Records from a data source
/---

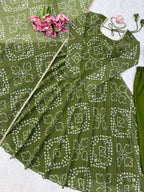 Festive Bandhani Print Anarkali Suit Set with Mirror Work Dupatta – Diwali & Wedding Wear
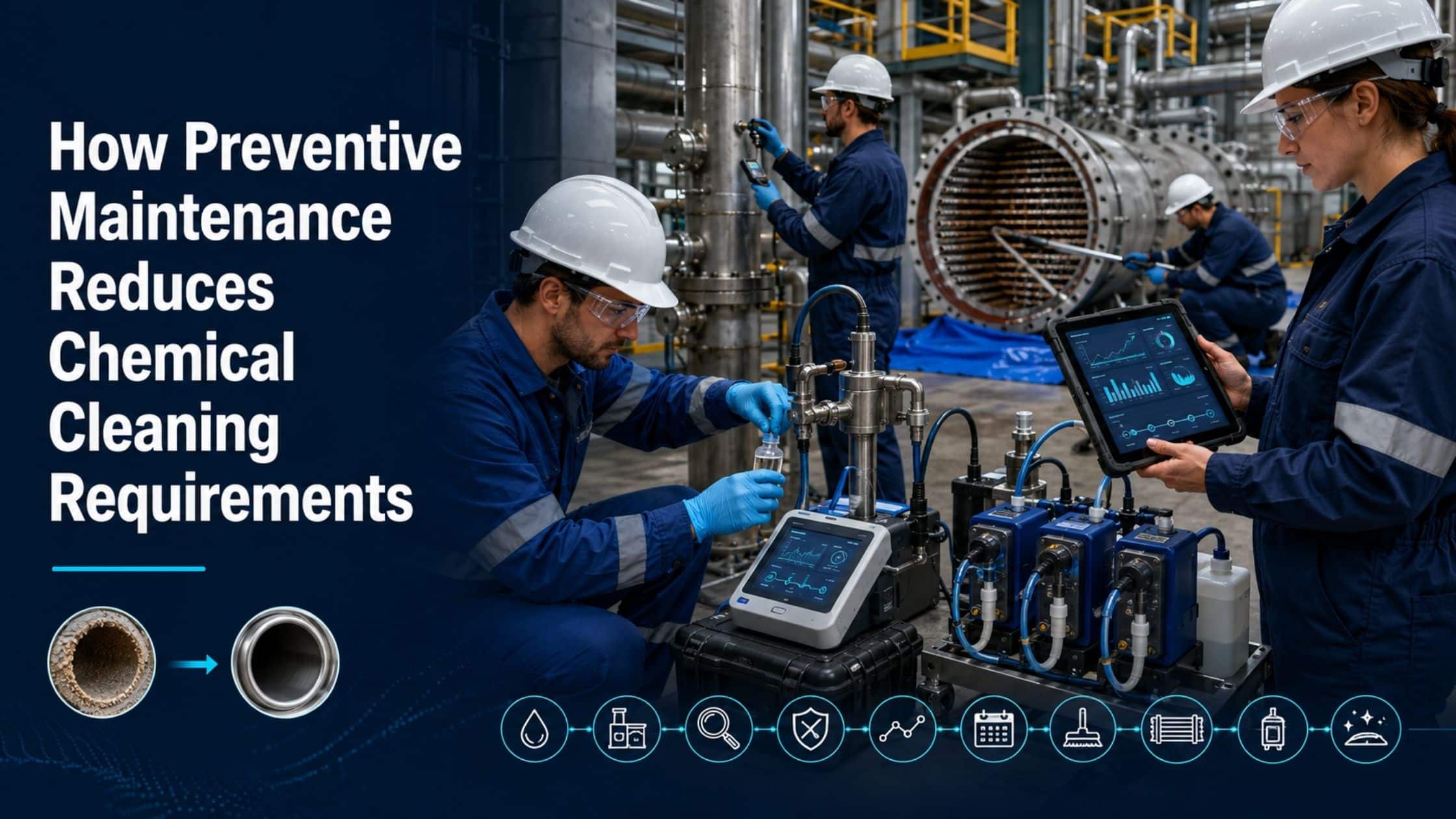 Arudra Technicians perform preventive maintenance checks on plant piping and heat exchanger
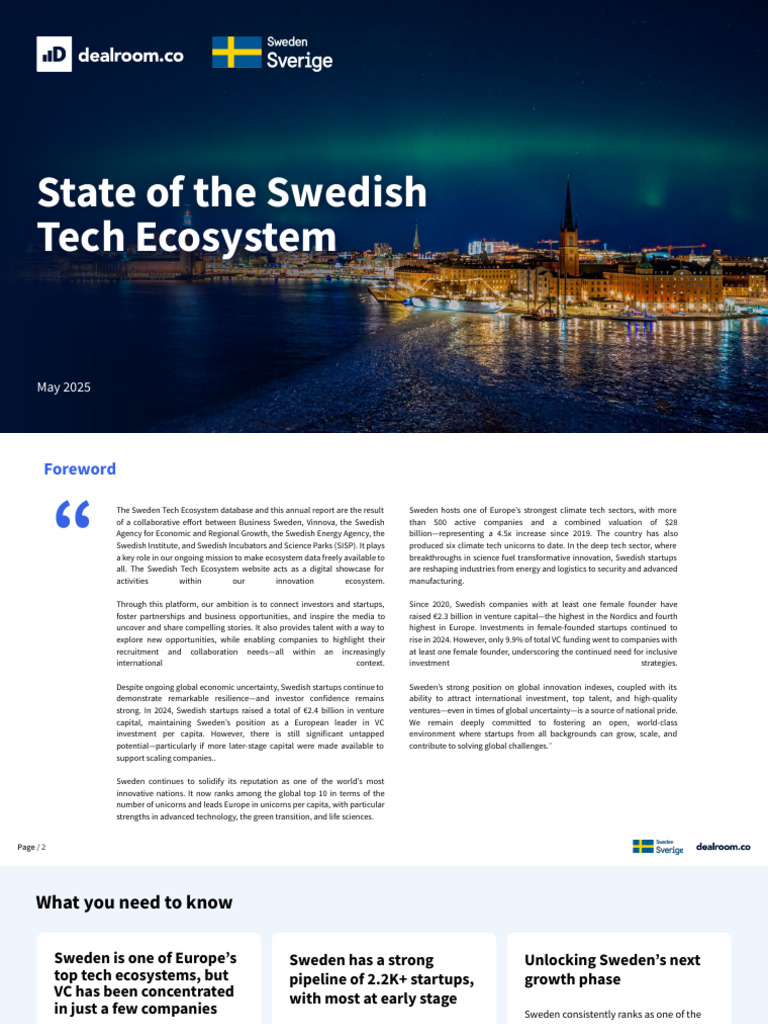 Swedish Tech Ecosystem Report 2025 | PDF | Venture Capital | Corporate ...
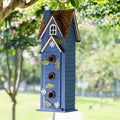 Glitzhome Bird Houses for Outside,Hand Painted Hanging Bird House for Outdoors, 24.25" H Oversized 3-Tiered Villa Decorative Wooden Bird Houses Large Birdhouse for Garden, Washed Blue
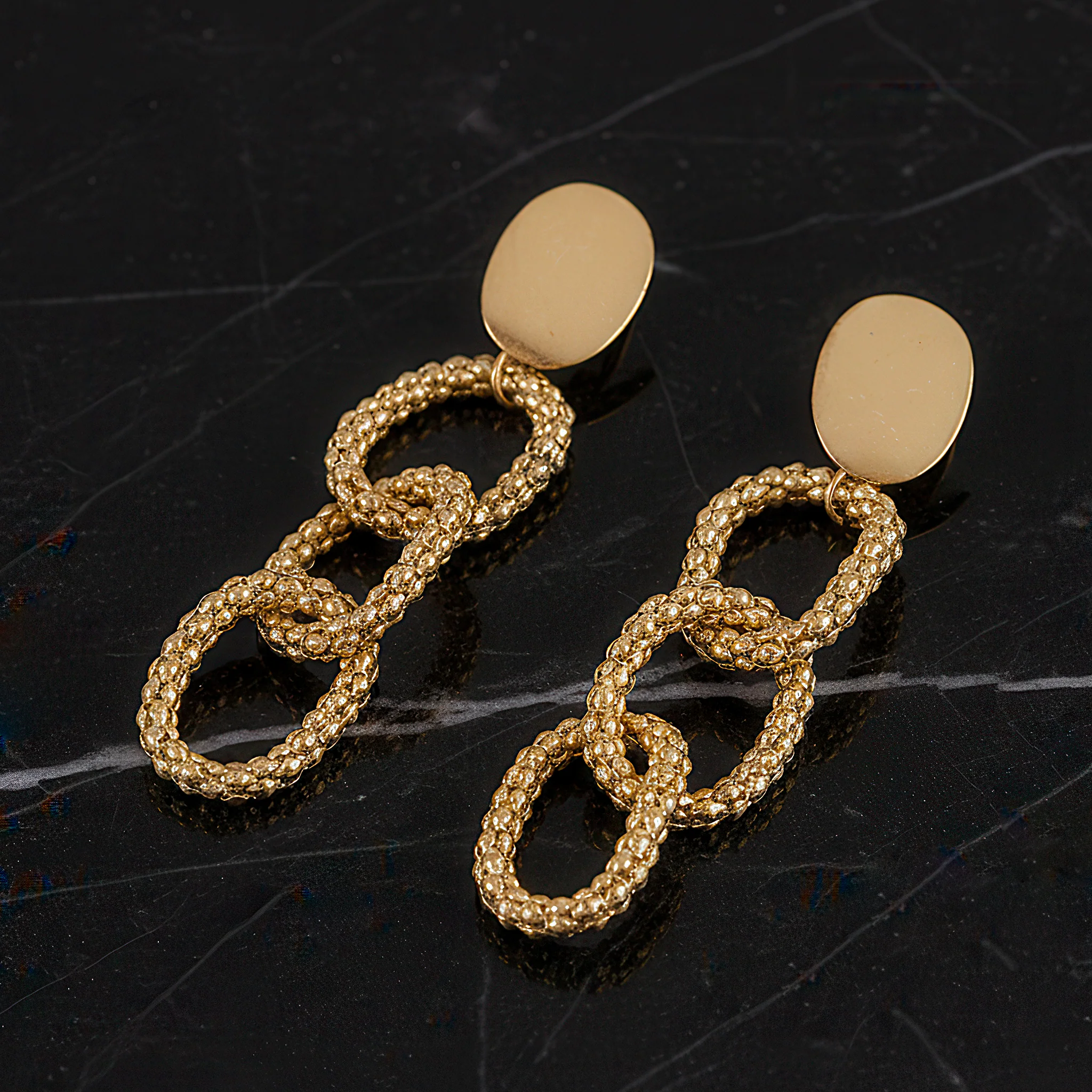 PRAO Earrings Anti-Tarnish Popcorn Chain Link Danglers - Image 5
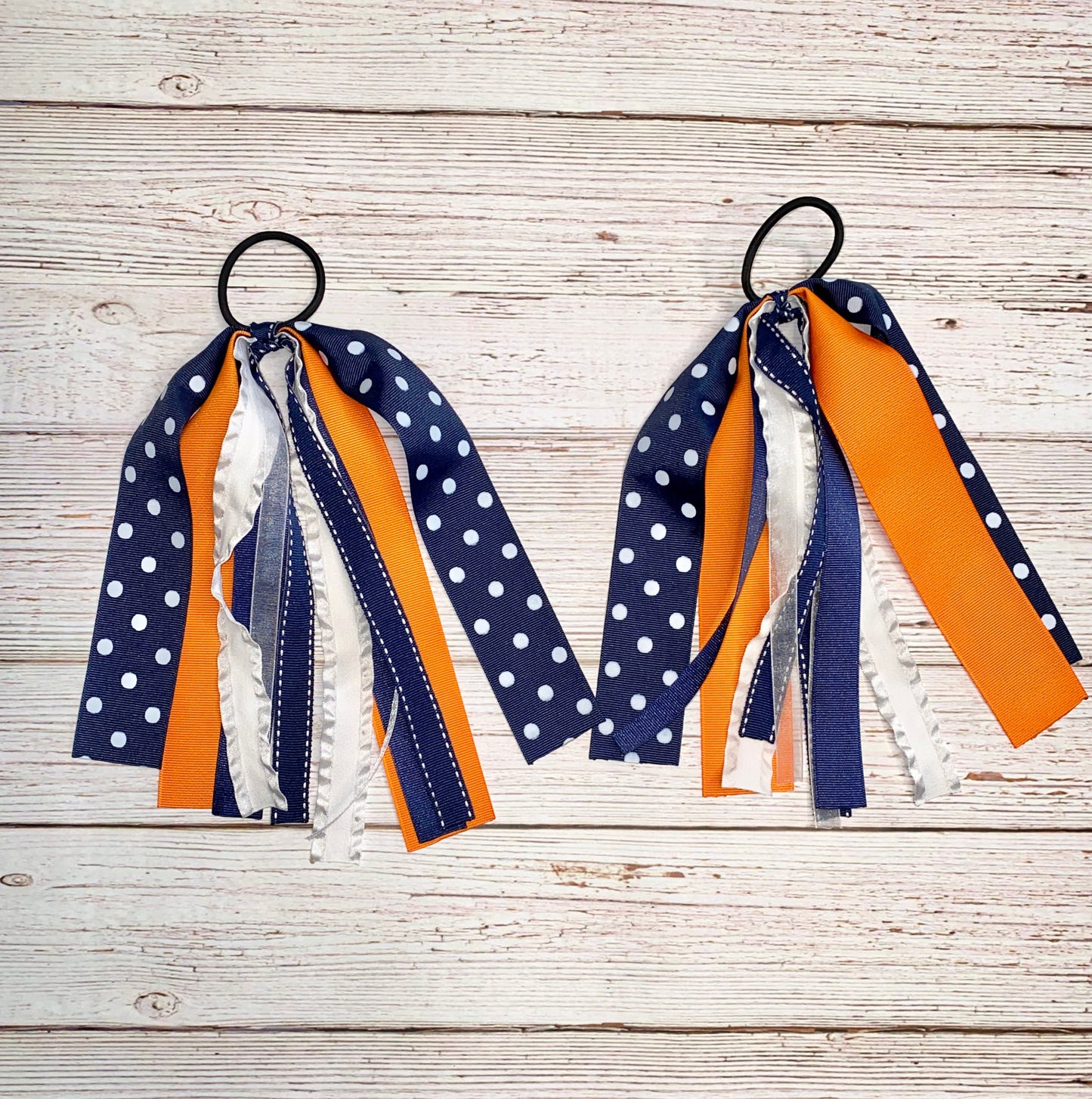 Sports Team Cheer Bow Pony Tail Ribbons, Navy and Orange Hair Bow, Baseball Pony Tail Ribbons, Cheer Ponytails, Dance Hair Ties, Ribbon Tail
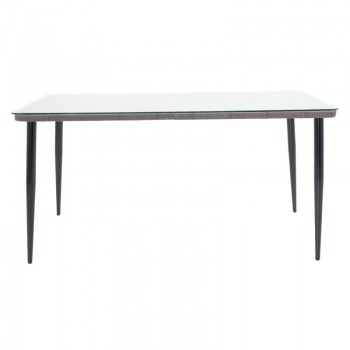 Τραπέζι Naoki pakoworld μέταλλο μαύρο-pe γκρι-γυαλί 160x90x78εκ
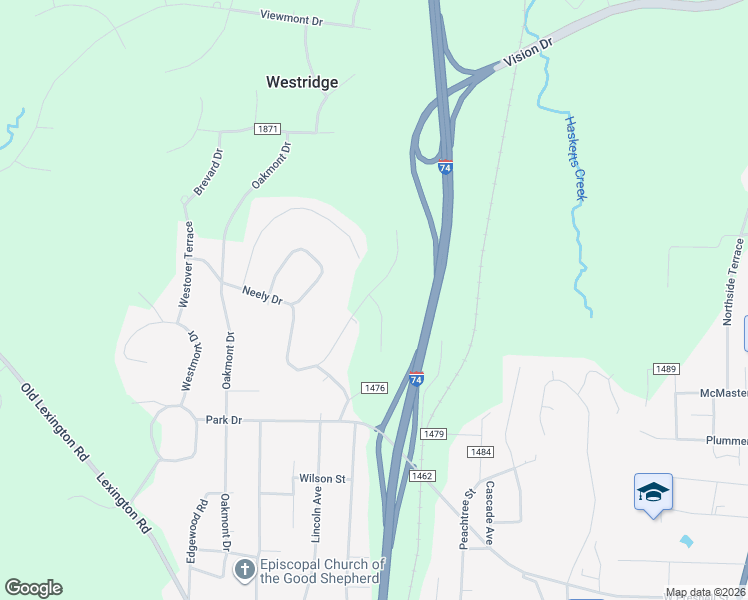 map of restaurants, bars, coffee shops, grocery stores, and more near 1426 Thayer Drive in Asheboro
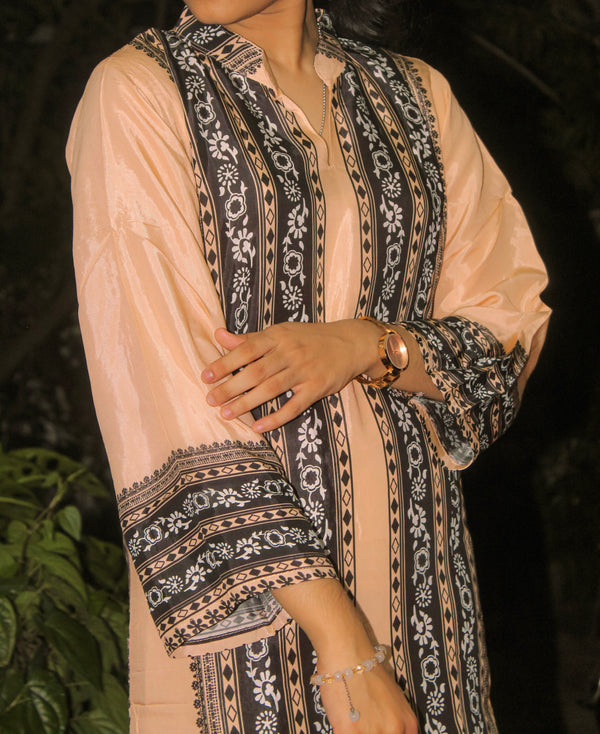 Monochrome Tribal Stripe Two-Piece Suit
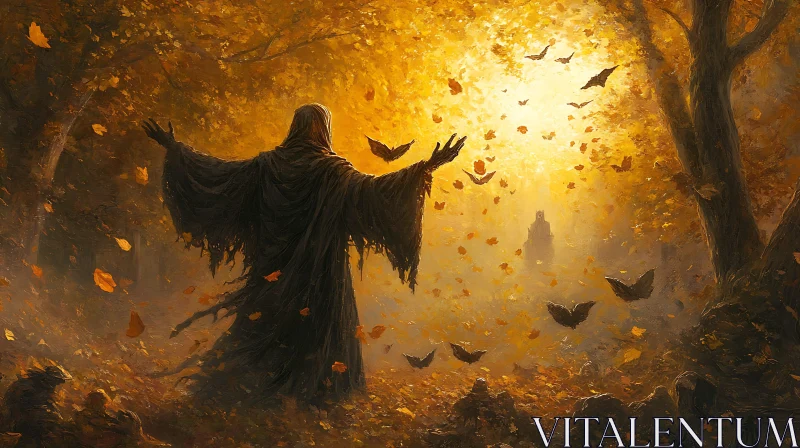 Autumnal Forest with Dark Figure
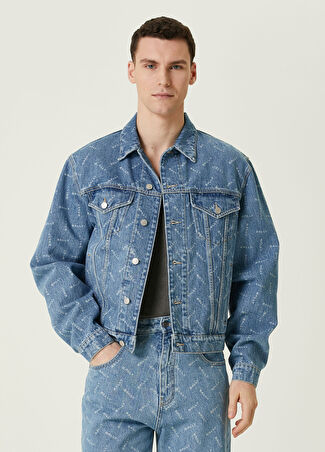 Bally Erkek Logo Desenli Denim Ceket Mavi L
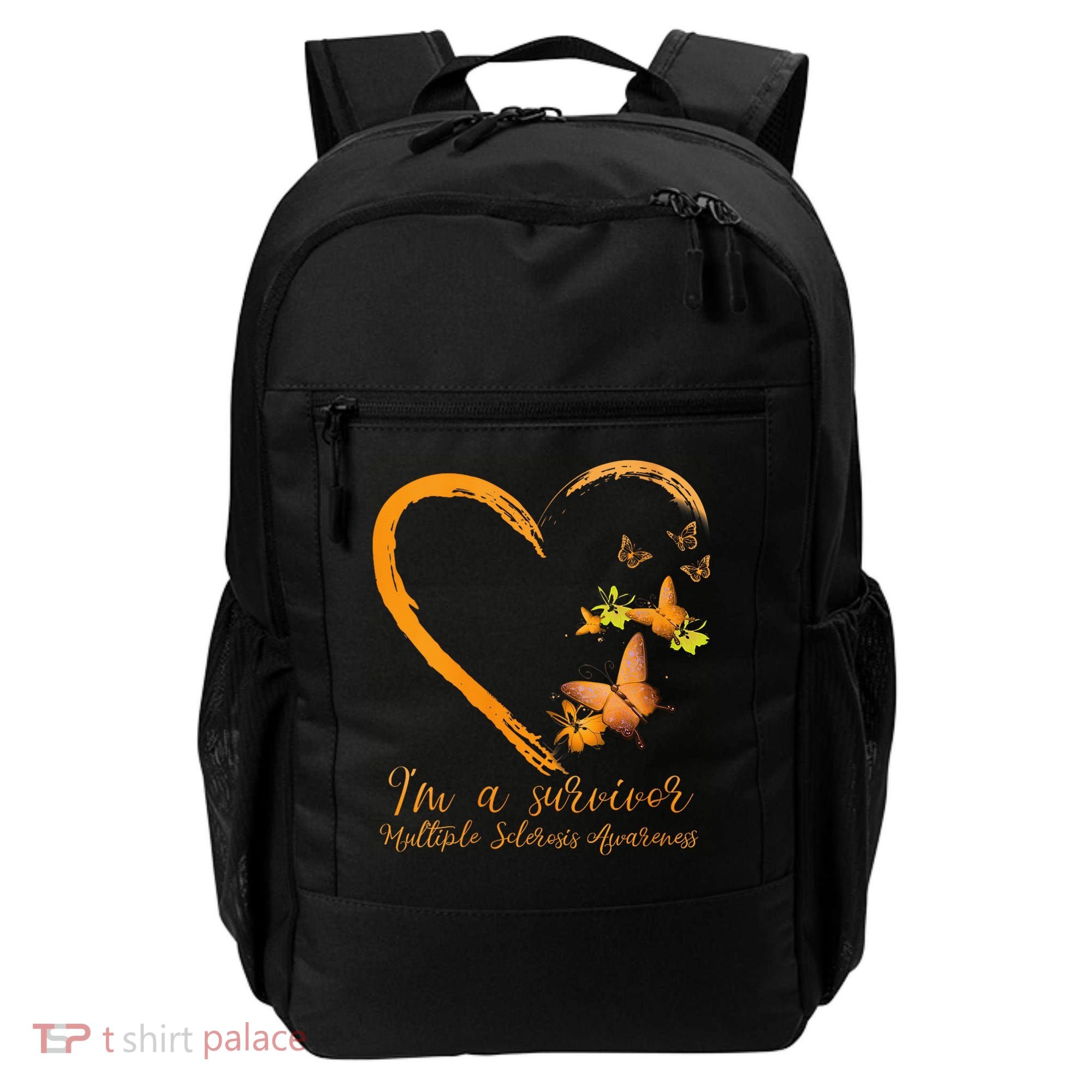 Teal Butterfly Heart Survivor Multiple Sclerosis Awareness Backpack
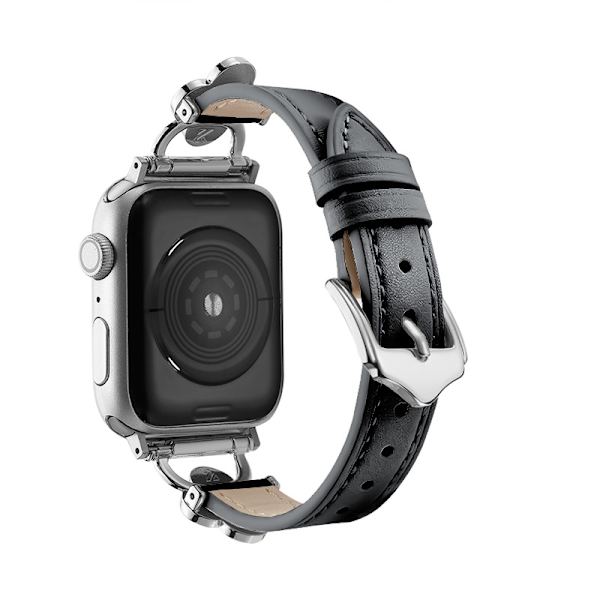 Urrem til Apple Watch iWatch 42/44/45/49mm Sølv Connector Flad Sort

\---

[WHAT IS BEING ASKED] Exactly as written, restate the lines above from the opening line through the one holding "PRAO Earrings Anti-Tarnish", omitting the pictures.

[RESULT BELOW]
 Festive Bandhani Print Anarkali Suit Set with Mirror Work Dupatta – Diwali & Wedding Wear
 Arudra Technicians perform preventive maintenance checks on plant piping and heat exchanger
 Swedish Tech Ecosystem Report 2025 | PDF | Venture Capital | Corporate ...
 Glitzhome Bird Houses for Outside,Hand Painted Hanging Bird House for Outdoors, 24.25" H Oversized 3-Tiered Villa Decorative Wooden Bird Houses Large Birdhouse for Garden, Washed Blue
 PRAO Earrings Anti-Tarnish Popcorn Chain Link Danglers - Image 5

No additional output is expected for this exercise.